Subscribe to SIAWI content updates by Email
Accueil > fundamentalism / shrinking secular space > La Tunisie, laboratoire des relations entre Frères Musulmans et (...)

La Tunisie, laboratoire des relations entre Frères Musulmans et Djihadistes.

mercredi 31 janvier 2018, par siawi3

Toutes les versions de cet article : [English] [français]

Source : http://www.ikhwan.whoswho/blog/archives/9050

La Tunisie, laboratoire des relations entre Frères Musulmans et Djihadistes.

31.08.2015
Archives

Hala Abdennour

L’Islam politique en général et l’idéologie des Frères Musulmans en particulier peut mener au terrorisme. Il existe de nombreux exemples de connivences entre les Frères musulmans et les djihadistes, et la Tunisie apparaît comme un laboratoire de ces relations.
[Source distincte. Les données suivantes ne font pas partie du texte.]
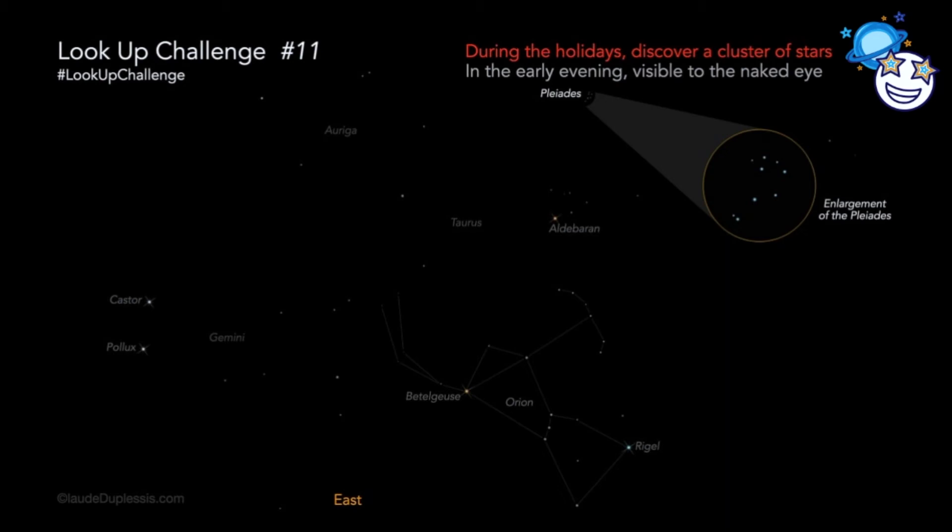In fact, the Pleiades are sometimes even called the Seven Sisters. They formed not too long ago, just 100 million years ago. That sounds long, but it's much younger than our sun, who is 4.5 billion years old.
Quatre dates sont à retenir :

1. A peine arrivé au pouvoir, Mohammad Ghannouchi amnistie les prisonniers politiques y compris Seif Allah Ben Hassine (alias Abu Iyadh) condamné pour activités terroristes. Ce dernier va immédiatement fonder Ansar Al Charia. *

2. Son mouvement est non seulement toléré par le gouvernement dirigé par Ennahdha (24/12/2011-13/3/2013) mais plusieurs membres du parti assistent à ses meetings, Seif Allah Ben Hassine prêche librement dans les mosquées et son organisation multiplie les actions « humanitaires » dans tout le pays.

3. Après l’assaut contre l’ambassade américaine, les assassinats de Chokri Belaïd et plus tard de Mohammed Brahmi deux figures de l’opposition laïques, Ansar Al Charia continue ses activités en Tunisie.

4. Environ un mois après le dernier assassinat, les preuves de l’implication d’Ansar Al Charia sont apportées, l’organisation est désignée comme terroriste et interdite.

Fallait-il attendre aussi longtemps pour le savoir alors que Ben Hassine était connu comme un des principaux lieutenants d’Oussama Ben Laden ? Le gouvernement d’Ennahdha ne savait-il pas que cette organisation est dirigée par un extrémiste qui prône la violence ?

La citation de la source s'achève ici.